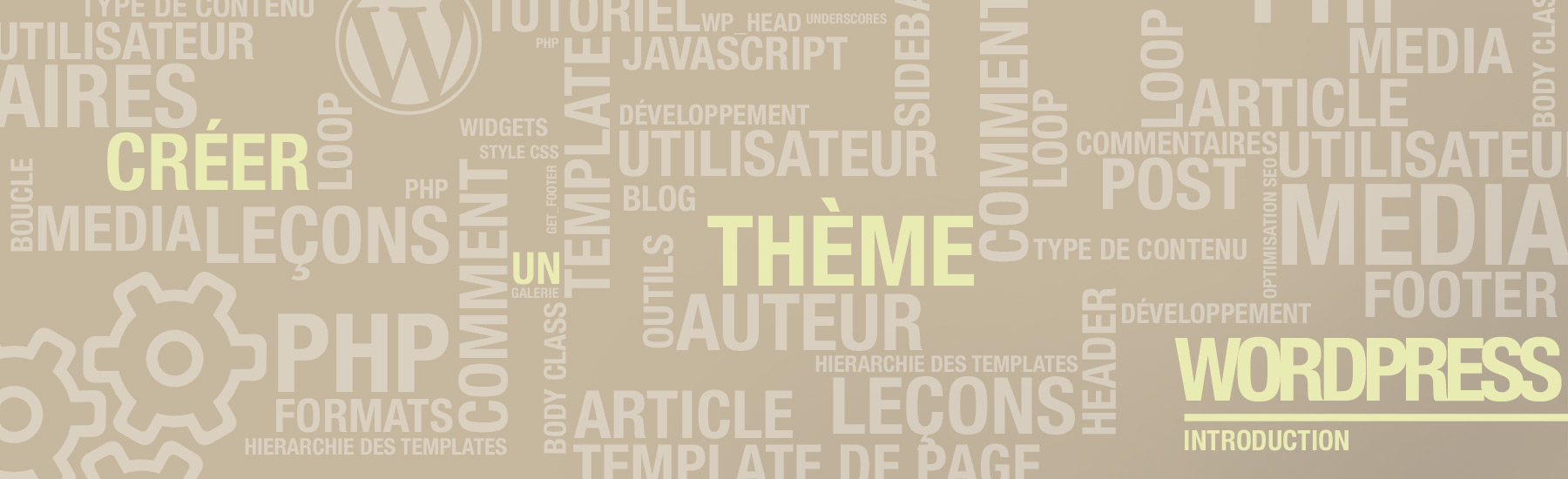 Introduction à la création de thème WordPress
...
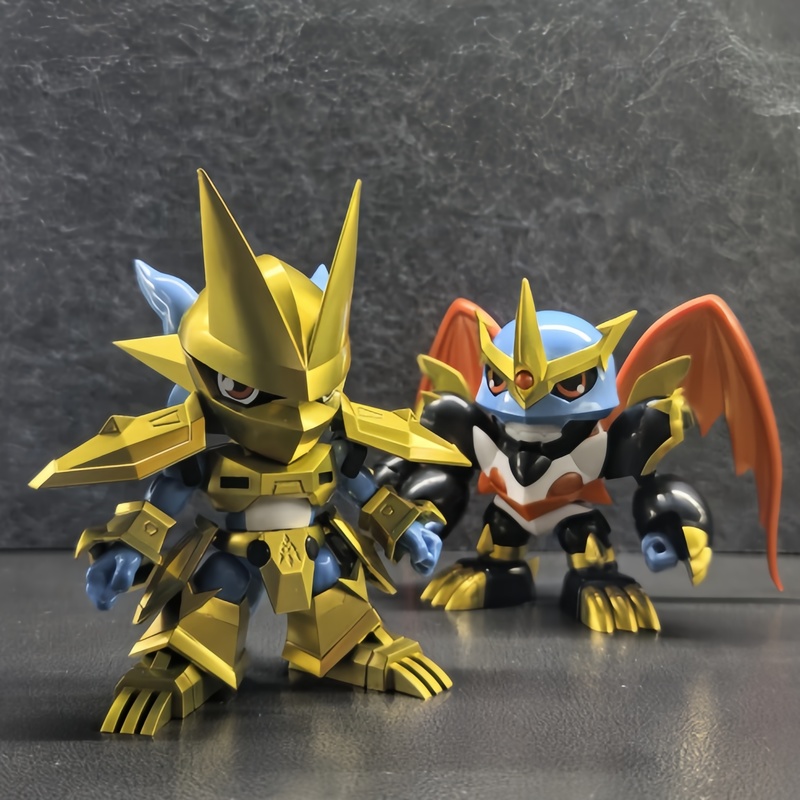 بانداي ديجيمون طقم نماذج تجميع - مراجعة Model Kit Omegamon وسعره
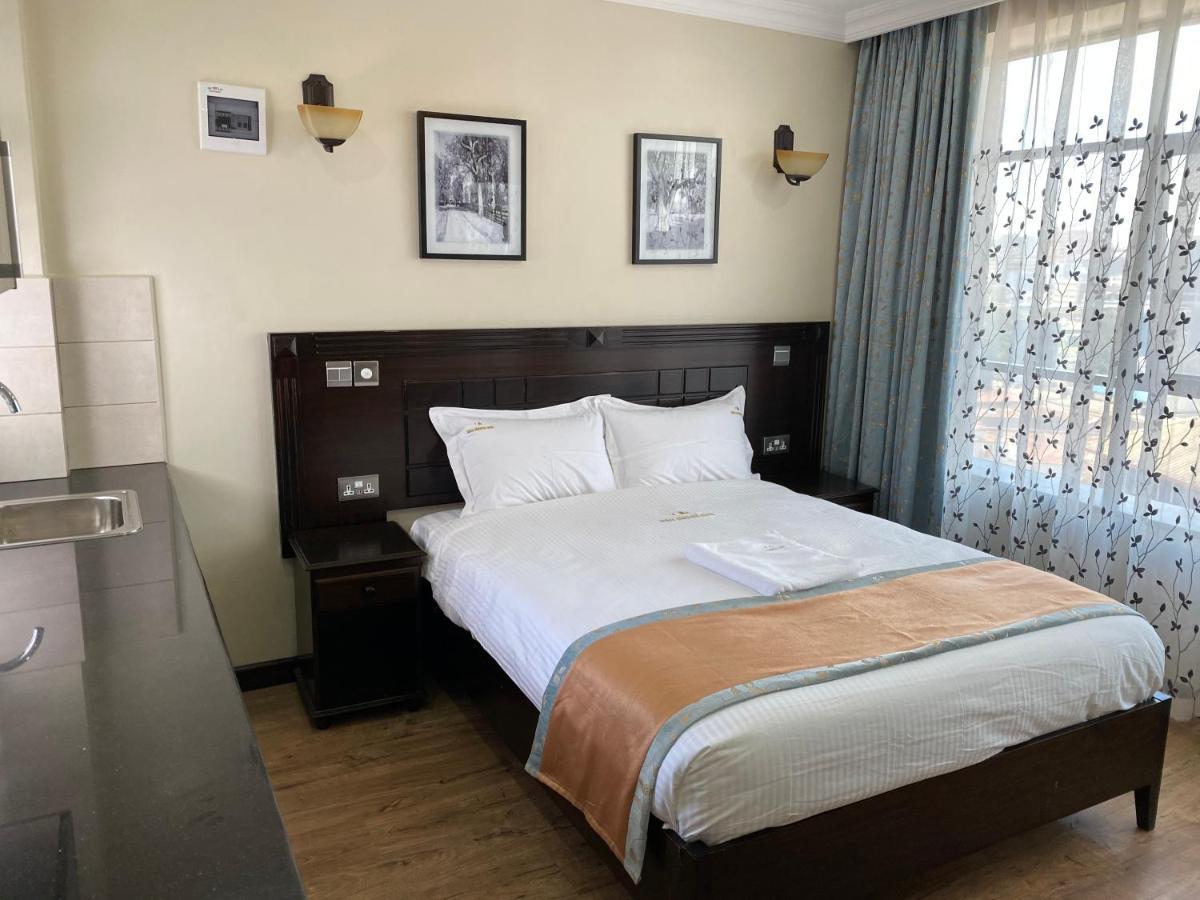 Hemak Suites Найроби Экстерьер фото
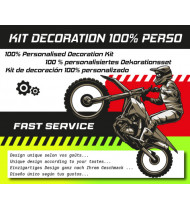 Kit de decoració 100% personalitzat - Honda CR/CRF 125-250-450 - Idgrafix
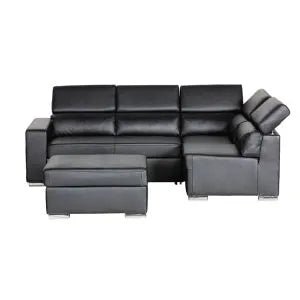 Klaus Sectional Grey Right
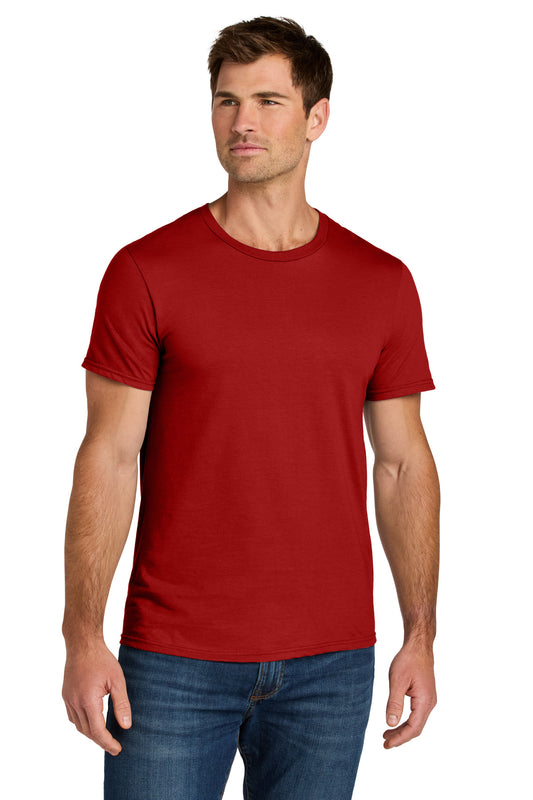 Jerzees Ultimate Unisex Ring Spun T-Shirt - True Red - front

Work task = Within the listing above, write out the stretch from the line with "Kit de decoració" through the line with "Jerzees Ultimate Unisex" exactly. Any pictures are to be left out.

Solution below =
 Kit de decoració 100% personalitzat - Honda CR/CRF 125-250-450 - Idgrafix
 Klaus Sectional Grey Right
 Jerzees Ultimate Unisex Ring Spun T-Shirt - True Red - front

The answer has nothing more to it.